╭──

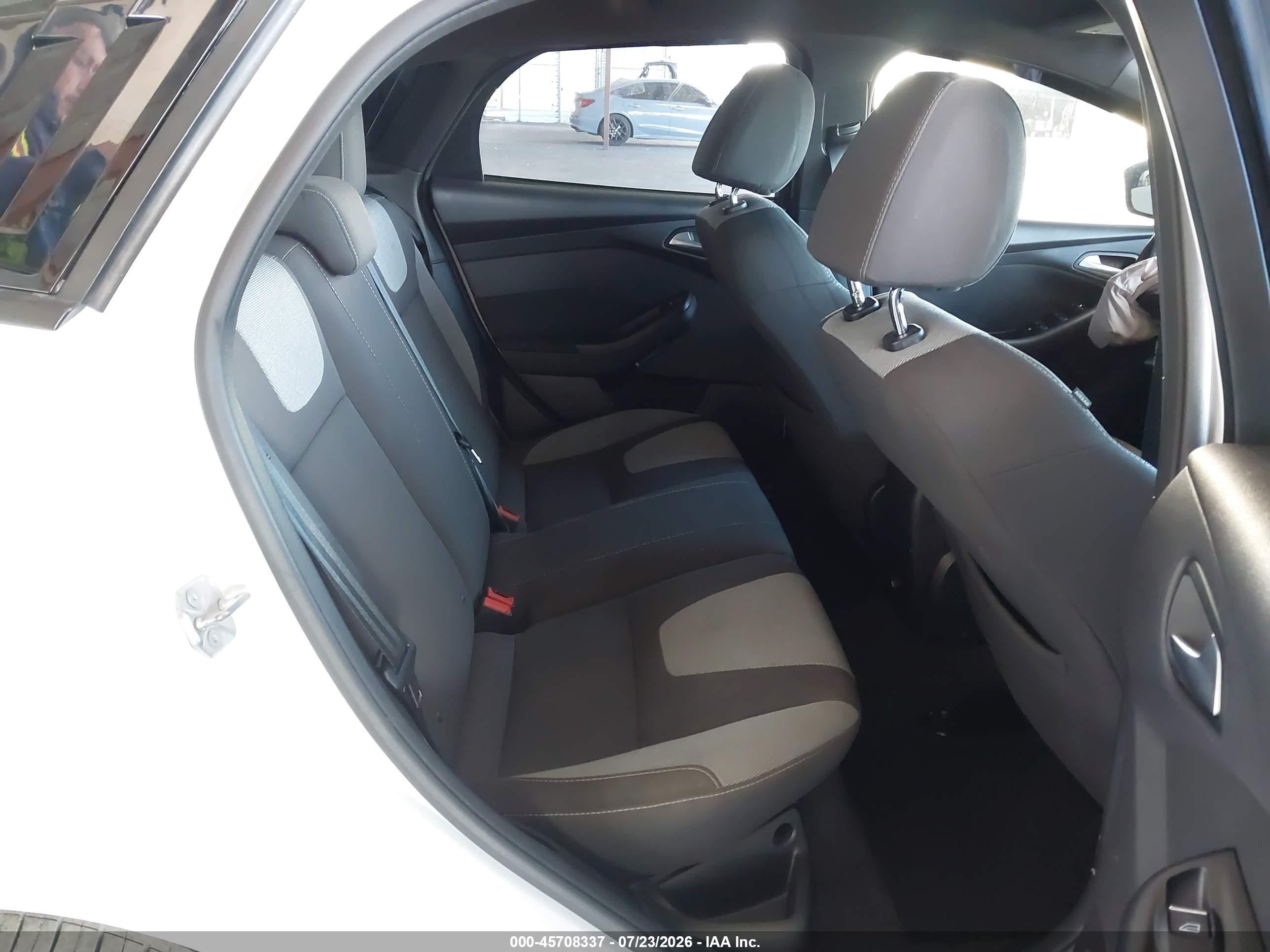 2014 Ford Focus St   White vin: 1FADP3L93EL238123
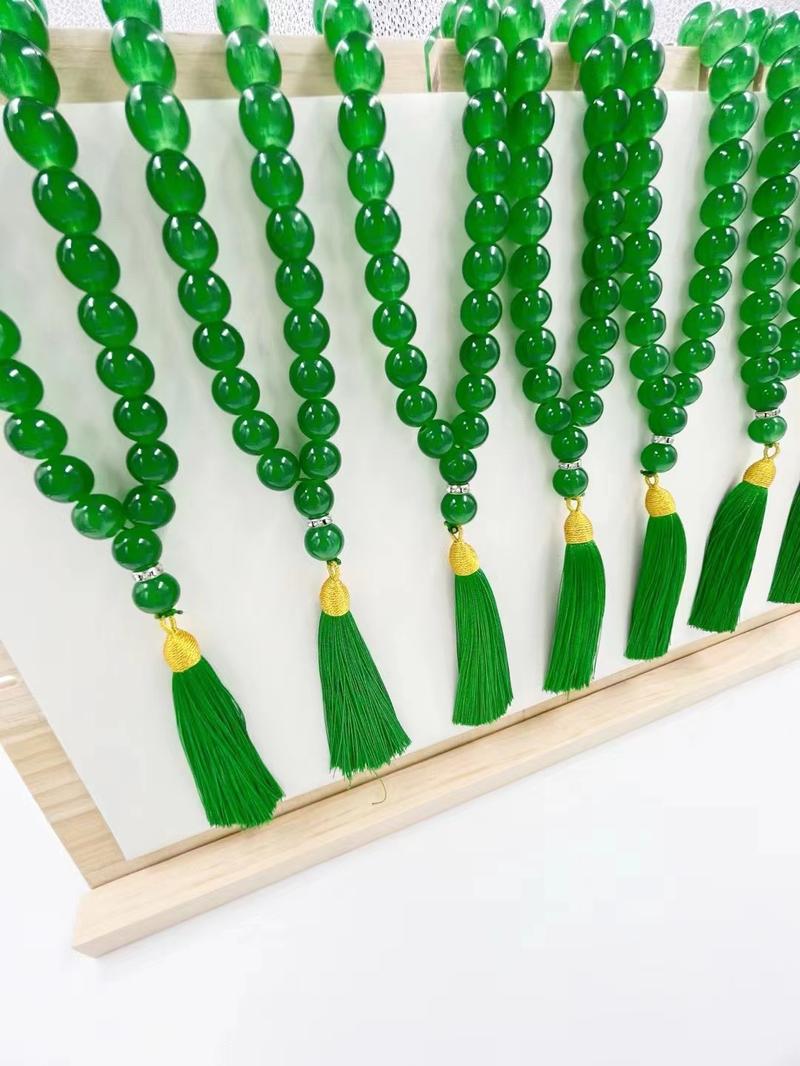 Product Introduction of 2025 New Fashionable Versatile Style33 Pieces 12mm Crystal Large Beads Golden Tassel Muslim Prayer Beads Tasbih 5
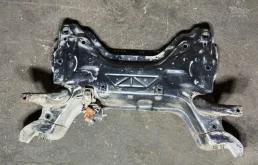 Подрамник Peugeot 308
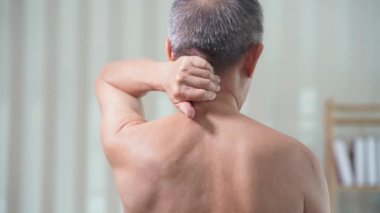 Vücut ağrısı, kas ağrısı, zayıflık, sağlık hizmetleri kavramı olan yaşlı bir Asyalı adamın yakın çekim videosu..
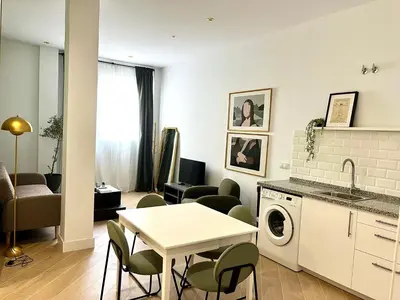 Una cocina o zona de cocina en Apartamentos Élite - Art Collection - Leonardo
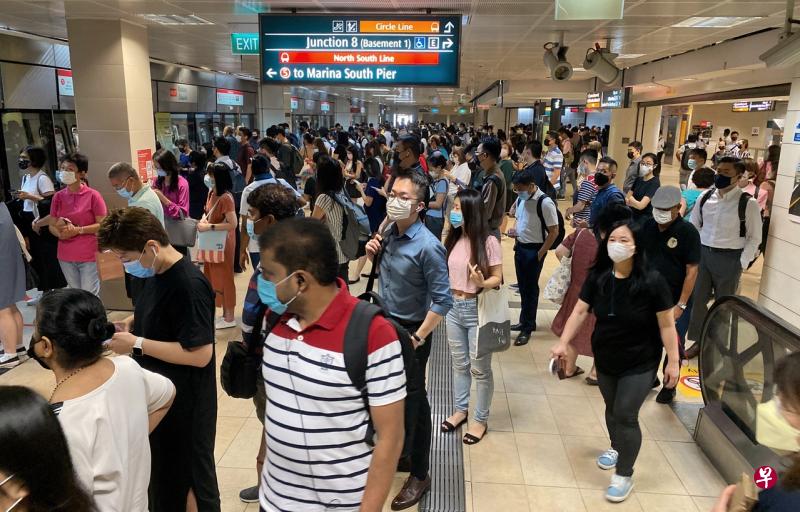 南北地铁线今早出现信号故障,部分站点之间的地铁服务一度延误至少45分钟。图为8时20分,乘客在碧山地铁站候车。(海峡时报) 南北地铁线今早出现信号故障,部分站点之间的地铁服务一度延误至少45分钟。图为8时20分,乘客在碧山地铁站候车。(海峡时报)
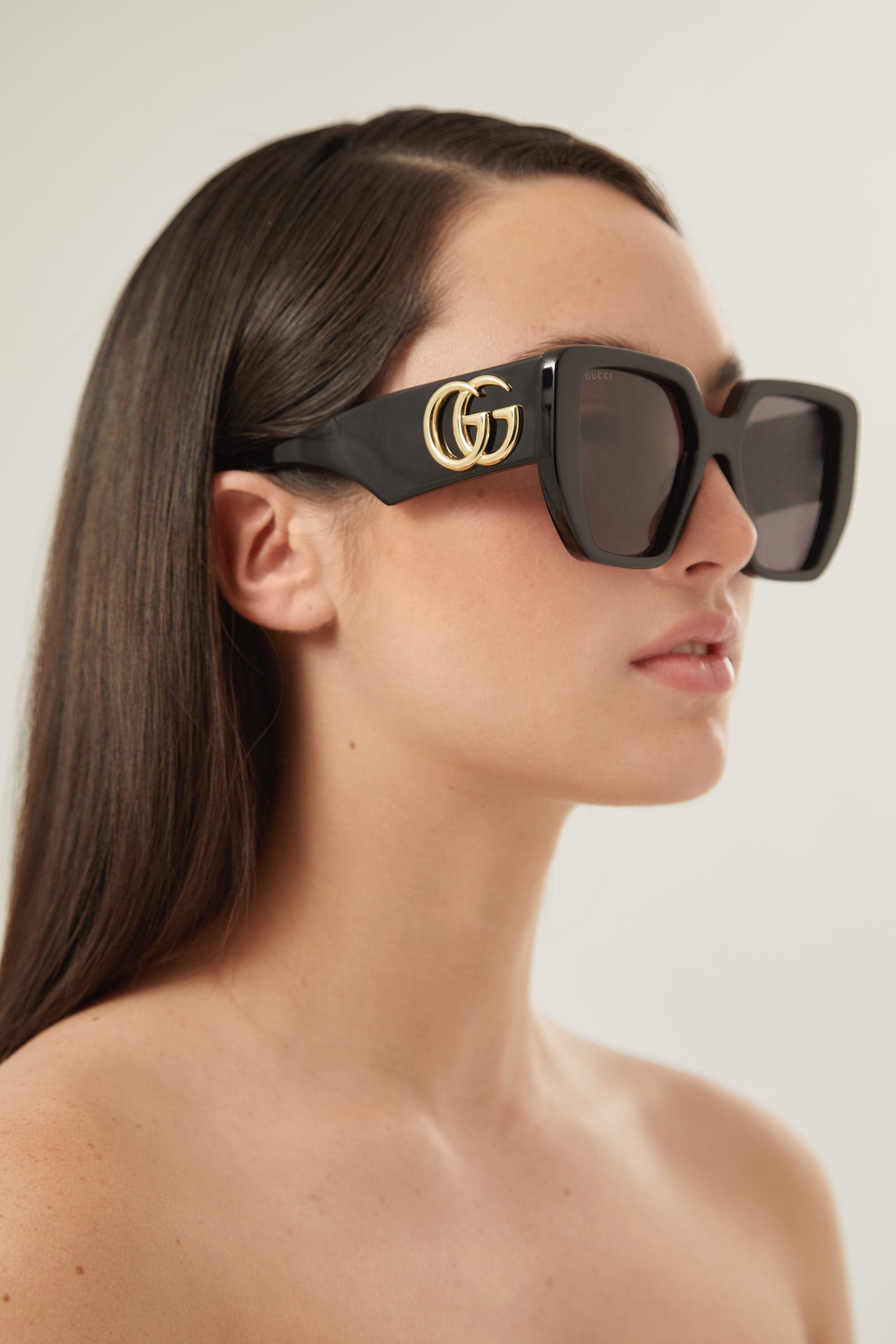 Gucci oversized black sunglasses with maxi logo - Eyewear Club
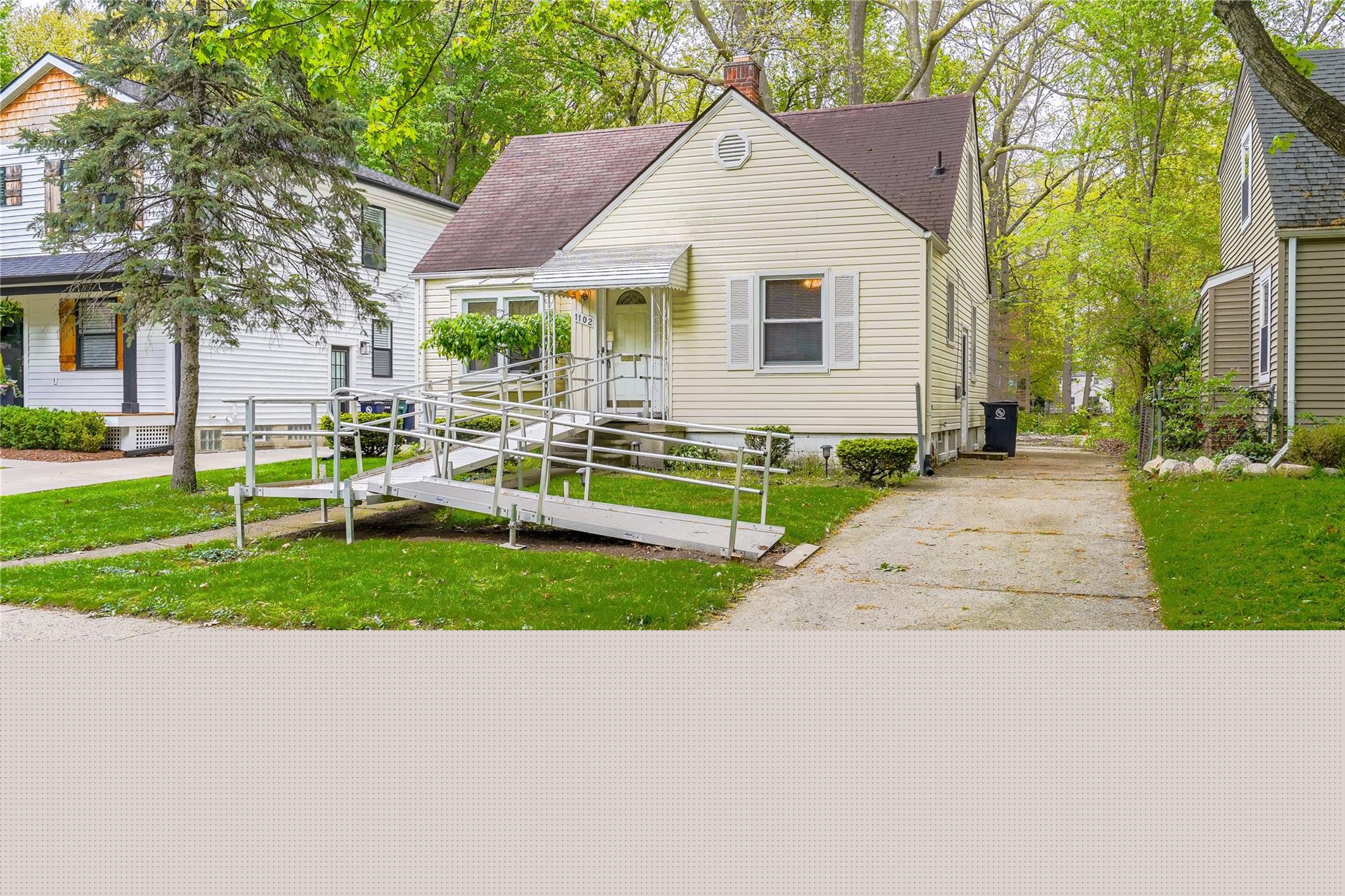 1102, Vermont, Royal Oak, Michigan, 48067
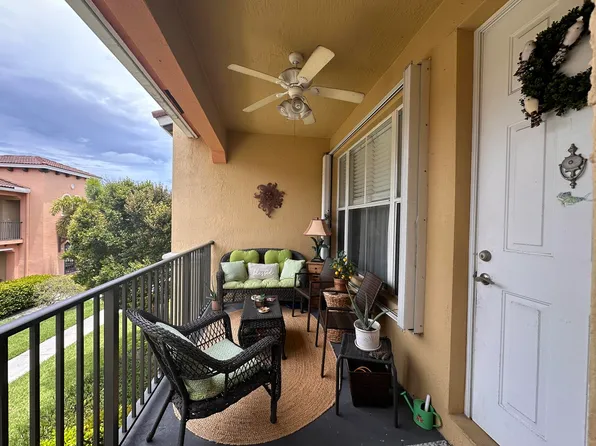 3545 Forest Hill Boulevard #12, Palm Springs, FL 33406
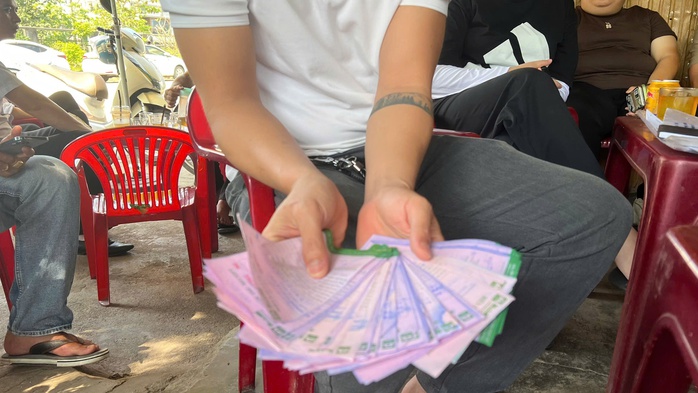 Đại diện Tập đoàn Mai Linh hứa gì khi làm việc với người lao động bị nợ tiền?- Ảnh 2. Đại diện Tập đoàn Mai Linh hứa gì khi làm việc với người lao động bị nợ tiền?- Ảnh 2.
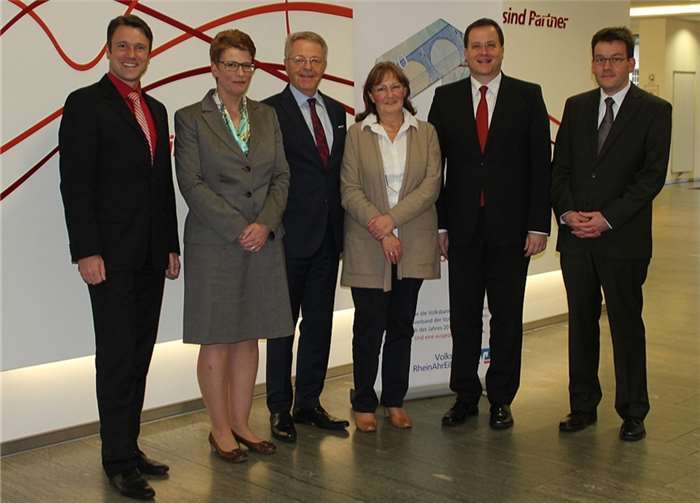 Bereichsleiter Franz-Josef Strauß, Stefanie Grones-Vrbancic vom Betriebsrat, Elmar Schmitz, Markus Müller und Teamleiter Jürgen Kurth (v.l.) gratulieren Rosemarie Luxen (4.v.l.) zu ihrem 40-jährigen Berufsjubiläum. privat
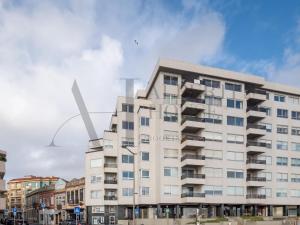 un edificio de apartamentos con una turbina eólica encima en Porto Ocean View Apartment Foz, en Oporto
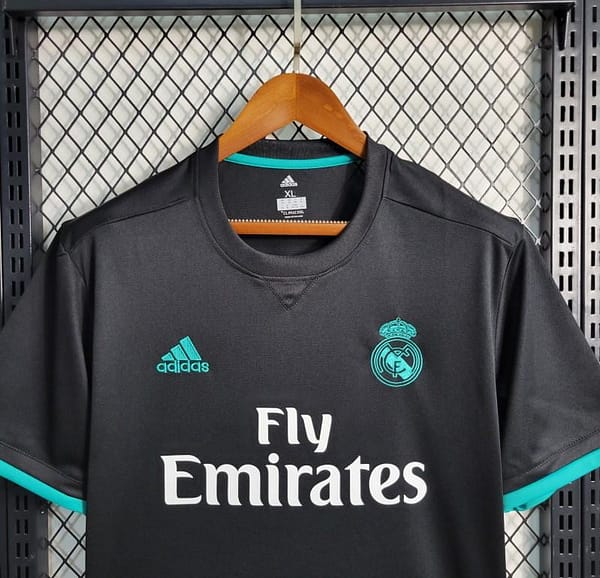 Retro 17-18 Real Madrid Away Black Jersey - Image 6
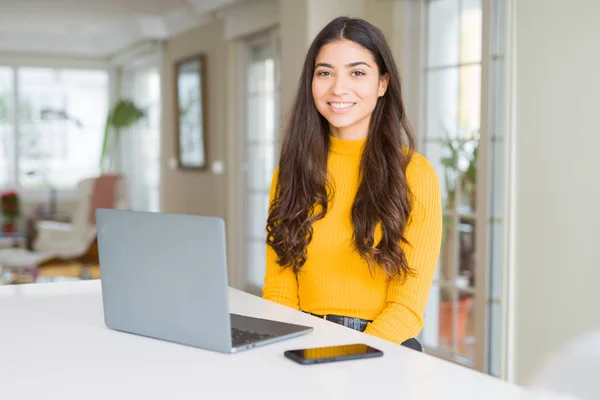 Mujer Joven Usando Computadora Portátil Con Una Sonrisa Feliz Fresca —  Fotos de Stock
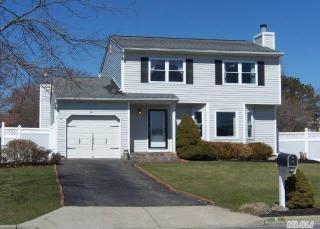 5 Sun Valley Ln, North Bellport, NY 11713-1139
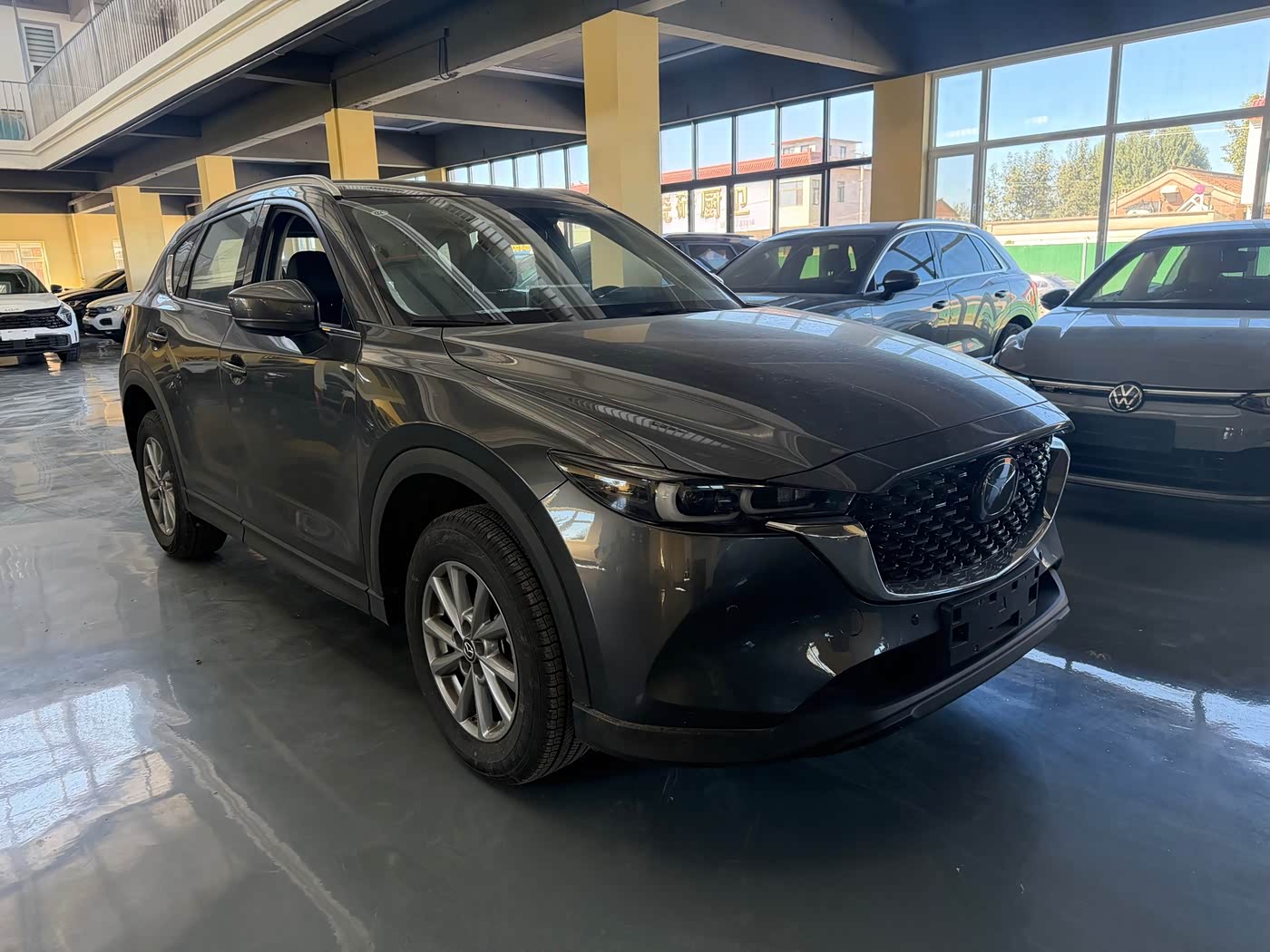 Mazda CX-5 2.0 л 2025 г. Серебристо-серый, пробег 1700 км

╰──

- **WHAT TO DO**
Each line above should be returned exactly as it stands, minus any pictures.

- **REPLY**
 2014 Ford Focus St   White vin: 1FADP3L93EL238123
 Product Introduction of 2025 New Fashionable Versatile Style33 Pieces 12mm Crystal Large Beads Golden Tassel Muslim Prayer Beads Tasbih 5
 Подрамник Peugeot 308
 Vücut ağrısı, kas ağrısı, zayıflık, sağlık hizmetleri kavramı olan yaşlı bir Asyalı adamın yakın çekim videosu..
 Una cocina o zona de cocina en Apartamentos Élite - Art Collection - Leonardo
 南北地铁线今早出现信号故障,部分站点之间的地铁服务一度延误至少45分钟。图为8时20分,乘客在碧山地铁站候车。(海峡时报) 南北地铁线今早出现信号故障,部分站点之间的地铁服务一度延误至少45分钟。图为8时20分,乘客在碧山地铁站候车。(海峡时报)
 Gucci oversized black sunglasses with maxi logo - Eyewear Club
 1102, Vermont, Royal Oak, Michigan, 48067
 3545 Forest Hill Boulevard #12, Palm Springs, FL 33406
 Đại diện Tập đoàn Mai Linh hứa gì khi làm việc với người lao động bị nợ tiền?- Ảnh 2. Đại diện Tập đoàn Mai Linh hứa gì khi làm việc với người lao động bị nợ tiền?- Ảnh 2.
 Bereichsleiter Franz-Josef Strauß, Stefanie Grones-Vrbancic vom Betriebsrat, Elmar Schmitz, Markus Müller und Teamleiter Jürgen Kurth (v.l.) gratulieren Rosemarie Luxen (4.v.l.) zu ihrem 40-jährigen Berufsjubiläum. privat
 un edificio de apartamentos con una turbina eólica encima en Porto Ocean View Apartment Foz, en Oporto
 Retro 17-18 Real Madrid Away Black Jersey - Image 6
 Mujer Joven Usando Computadora Portátil Con Una Sonrisa Feliz Fresca —  Fotos de Stock
 5 Sun Valley Ln, North Bellport, NY 11713-1139
 Mazda CX-5 2.0 л 2025 г. Серебристо-серый, пробег 1700 км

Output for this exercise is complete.